Cross-references companies.db records against Finnhub ground truth
and heuristic checks to find entity resolution errors, missing data,
and suspicious records.

Usage:
    python -m intel.companies.verify [--limit N] [--fix] [--report]
"""

import json
import re
import sqlite3
from dataclasses import dataclass, field
from enum import Enum
from pathlib import Path

from loguru import logger

from intel.companies.common import DB_PATH


class Severity(Enum):
    LOW = "low"
    MEDIUM = "medium"
    HIGH = "high"
    CRITICAL = "critical"


@dataclass
class VerificationResult:
    company_id: int
    company_name: str
    ticker: str | None
    issue_type: str  # name_mismatch, missing_description, ticker_conflict, duplicate, malformed_name
    severity: Severity
    detail: str
    suggested_fix: str | None = None
    ground_truth: dict = field(default_factory=dict)

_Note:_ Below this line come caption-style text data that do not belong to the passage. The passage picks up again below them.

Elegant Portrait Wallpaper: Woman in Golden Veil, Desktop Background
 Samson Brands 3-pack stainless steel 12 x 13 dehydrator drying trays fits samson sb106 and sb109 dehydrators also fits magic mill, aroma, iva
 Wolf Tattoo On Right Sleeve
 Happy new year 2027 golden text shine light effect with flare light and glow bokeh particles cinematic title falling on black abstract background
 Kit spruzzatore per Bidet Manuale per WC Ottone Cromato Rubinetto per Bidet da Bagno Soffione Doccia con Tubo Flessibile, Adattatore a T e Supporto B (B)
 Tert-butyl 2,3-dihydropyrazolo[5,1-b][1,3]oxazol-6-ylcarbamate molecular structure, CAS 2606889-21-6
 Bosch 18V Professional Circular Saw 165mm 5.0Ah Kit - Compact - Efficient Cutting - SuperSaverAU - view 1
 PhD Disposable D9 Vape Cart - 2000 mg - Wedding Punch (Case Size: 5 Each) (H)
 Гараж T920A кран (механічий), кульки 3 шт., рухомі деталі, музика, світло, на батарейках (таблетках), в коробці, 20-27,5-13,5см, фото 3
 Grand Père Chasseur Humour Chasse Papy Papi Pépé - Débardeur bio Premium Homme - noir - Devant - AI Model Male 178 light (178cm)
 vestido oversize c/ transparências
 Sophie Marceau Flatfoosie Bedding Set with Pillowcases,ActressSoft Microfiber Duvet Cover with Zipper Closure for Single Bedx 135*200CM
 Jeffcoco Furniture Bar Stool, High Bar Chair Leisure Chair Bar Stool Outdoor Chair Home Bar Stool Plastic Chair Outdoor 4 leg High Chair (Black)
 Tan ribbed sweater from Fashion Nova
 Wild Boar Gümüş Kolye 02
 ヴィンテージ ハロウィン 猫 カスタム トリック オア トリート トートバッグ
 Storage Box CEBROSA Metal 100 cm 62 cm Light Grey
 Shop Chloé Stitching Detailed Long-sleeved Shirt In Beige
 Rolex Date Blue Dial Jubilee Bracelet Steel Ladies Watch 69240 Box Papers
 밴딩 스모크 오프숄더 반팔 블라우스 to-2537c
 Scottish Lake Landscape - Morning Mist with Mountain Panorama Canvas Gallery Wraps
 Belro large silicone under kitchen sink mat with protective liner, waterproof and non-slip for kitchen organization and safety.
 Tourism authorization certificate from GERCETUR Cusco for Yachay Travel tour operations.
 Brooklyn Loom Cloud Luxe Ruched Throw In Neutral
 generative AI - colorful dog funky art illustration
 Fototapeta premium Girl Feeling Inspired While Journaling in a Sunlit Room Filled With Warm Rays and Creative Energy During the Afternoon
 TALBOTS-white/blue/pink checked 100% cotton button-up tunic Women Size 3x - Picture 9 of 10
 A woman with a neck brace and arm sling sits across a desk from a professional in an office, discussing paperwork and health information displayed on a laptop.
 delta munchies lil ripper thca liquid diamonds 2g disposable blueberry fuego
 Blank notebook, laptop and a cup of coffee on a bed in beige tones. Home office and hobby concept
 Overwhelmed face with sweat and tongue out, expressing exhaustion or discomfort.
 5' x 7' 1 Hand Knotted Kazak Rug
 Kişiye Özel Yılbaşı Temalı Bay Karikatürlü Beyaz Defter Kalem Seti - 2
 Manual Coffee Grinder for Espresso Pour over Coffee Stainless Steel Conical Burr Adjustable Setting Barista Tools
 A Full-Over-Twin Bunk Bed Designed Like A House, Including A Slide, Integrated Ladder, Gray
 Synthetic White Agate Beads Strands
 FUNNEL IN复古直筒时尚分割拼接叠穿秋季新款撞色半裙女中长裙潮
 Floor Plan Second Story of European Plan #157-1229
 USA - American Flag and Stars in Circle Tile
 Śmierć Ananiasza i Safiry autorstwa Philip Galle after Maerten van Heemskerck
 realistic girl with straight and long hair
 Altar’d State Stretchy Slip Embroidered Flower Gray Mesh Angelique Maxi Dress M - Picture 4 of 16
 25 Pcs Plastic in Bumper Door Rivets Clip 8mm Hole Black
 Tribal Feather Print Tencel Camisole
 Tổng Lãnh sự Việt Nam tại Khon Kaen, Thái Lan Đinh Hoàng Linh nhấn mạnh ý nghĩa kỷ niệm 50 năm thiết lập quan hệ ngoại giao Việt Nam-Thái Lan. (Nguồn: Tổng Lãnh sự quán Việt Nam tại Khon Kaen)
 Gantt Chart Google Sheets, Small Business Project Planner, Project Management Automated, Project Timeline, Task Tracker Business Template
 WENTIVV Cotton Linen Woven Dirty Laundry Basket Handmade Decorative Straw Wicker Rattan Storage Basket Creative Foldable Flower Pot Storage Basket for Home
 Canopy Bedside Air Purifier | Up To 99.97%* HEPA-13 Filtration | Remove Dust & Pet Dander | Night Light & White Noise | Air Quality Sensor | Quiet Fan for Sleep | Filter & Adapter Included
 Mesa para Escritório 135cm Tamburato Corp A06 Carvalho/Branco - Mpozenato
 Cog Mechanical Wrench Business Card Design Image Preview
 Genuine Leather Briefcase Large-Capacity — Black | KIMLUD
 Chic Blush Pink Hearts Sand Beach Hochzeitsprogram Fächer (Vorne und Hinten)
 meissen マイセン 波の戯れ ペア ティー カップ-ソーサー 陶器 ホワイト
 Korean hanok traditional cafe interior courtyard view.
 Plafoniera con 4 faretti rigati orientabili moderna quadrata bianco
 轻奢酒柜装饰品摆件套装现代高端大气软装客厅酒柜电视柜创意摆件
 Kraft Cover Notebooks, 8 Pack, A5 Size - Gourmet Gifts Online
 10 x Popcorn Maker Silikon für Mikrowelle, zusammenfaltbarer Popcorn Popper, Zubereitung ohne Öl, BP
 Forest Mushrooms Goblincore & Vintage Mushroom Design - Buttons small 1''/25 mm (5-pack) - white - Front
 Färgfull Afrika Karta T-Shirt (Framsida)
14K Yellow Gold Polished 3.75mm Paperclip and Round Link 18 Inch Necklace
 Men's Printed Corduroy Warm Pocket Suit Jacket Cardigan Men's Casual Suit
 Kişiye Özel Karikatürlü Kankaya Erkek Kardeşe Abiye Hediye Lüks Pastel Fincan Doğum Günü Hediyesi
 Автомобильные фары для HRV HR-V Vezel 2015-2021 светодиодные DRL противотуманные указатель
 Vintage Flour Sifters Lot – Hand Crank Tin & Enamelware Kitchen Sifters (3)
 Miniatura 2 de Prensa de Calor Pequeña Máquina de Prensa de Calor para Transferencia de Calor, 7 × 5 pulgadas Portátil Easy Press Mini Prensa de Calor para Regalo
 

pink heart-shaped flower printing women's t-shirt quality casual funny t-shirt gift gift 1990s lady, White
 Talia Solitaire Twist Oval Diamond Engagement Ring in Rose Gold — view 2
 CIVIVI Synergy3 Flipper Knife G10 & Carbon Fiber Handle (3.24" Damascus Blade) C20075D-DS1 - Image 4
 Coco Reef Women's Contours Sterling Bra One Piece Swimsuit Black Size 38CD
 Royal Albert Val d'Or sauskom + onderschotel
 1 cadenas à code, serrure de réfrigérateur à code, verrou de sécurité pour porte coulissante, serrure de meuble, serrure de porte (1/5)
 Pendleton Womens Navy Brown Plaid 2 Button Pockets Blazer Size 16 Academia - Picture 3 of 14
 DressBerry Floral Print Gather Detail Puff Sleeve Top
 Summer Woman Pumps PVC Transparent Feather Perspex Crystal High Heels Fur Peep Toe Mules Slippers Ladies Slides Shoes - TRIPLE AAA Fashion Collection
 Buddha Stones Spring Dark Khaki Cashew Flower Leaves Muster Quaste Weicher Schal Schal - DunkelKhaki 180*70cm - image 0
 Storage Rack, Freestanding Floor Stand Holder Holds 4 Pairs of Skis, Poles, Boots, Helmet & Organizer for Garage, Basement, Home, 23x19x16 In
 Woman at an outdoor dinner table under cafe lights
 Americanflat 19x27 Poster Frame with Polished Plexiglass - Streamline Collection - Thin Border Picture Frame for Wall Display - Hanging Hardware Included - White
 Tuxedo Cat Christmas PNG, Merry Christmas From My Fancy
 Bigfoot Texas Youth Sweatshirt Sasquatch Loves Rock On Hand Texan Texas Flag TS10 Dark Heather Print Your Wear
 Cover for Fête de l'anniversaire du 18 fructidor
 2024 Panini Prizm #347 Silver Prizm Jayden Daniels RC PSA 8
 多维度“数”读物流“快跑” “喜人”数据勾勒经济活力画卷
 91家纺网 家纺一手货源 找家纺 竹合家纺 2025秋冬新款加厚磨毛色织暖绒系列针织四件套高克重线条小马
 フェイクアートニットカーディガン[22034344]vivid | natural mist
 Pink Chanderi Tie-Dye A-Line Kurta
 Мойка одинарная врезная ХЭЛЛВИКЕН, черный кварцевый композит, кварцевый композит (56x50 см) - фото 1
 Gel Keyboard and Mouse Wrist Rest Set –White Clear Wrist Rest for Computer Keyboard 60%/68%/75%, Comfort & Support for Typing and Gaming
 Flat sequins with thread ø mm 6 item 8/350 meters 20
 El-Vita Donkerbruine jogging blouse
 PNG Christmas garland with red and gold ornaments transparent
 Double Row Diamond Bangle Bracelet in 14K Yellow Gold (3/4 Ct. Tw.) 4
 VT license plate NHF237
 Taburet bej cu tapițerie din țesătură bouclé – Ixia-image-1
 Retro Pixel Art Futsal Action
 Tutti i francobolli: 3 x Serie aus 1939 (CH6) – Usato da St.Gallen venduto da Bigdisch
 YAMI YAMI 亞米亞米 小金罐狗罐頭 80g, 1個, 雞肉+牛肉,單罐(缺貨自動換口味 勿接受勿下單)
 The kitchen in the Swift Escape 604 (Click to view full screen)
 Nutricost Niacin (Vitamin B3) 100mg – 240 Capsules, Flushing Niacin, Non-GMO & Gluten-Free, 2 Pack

# ── Name matching ──────────────────────────────────────────────

_LEGAL_SUFFIXES = re.compile(
    r"[,.\s]*(Inc\.?|Corp\.?|Corporation|LLC|Ltd\.?|Limited|PLC|"
    r"S\.?A\.?S?\.?|SE|AG|GmbH|N\.?V\.?|Co\.?,?\s*Ltd\.?|Group|"
    r"G\.?K\.?|Pvt\.?\s*Ltd\.?|B\.?V\.?|KK|Co\.?)\s*\.?\s*$",
    re.IGNORECASE,
)

_SUBSIDIARY_MARKERS = re.compile(
    r"\b(G\.?K\.?|Pvt\.?\s*Ltd\.?|GmbH|B\.?V\.?|S\.?A\.?S\.?|KK)\b",
    re.IGNORECASE,
)


def _normalize_name(name: str) -> str:
    """Strip legal suffixes and normalize for comparison."""
    clean = _LEGAL_SUFFIXES.sub("", name).strip()
    clean = re.sub(r"\s+", " ", clean).lower()
    return clean


def check_ticker_name_match(
    db_name: str, finnhub_name: str, ticker: str
) -> VerificationResult | None:
    """Check if DB name matches Finnhub name for a given ticker.

    Returns a VerificationResult if there's a mismatch, None if OK.
    """
    norm_db = _normalize_name(db_name)
    norm_fh = _normalize_name(finnhub_name)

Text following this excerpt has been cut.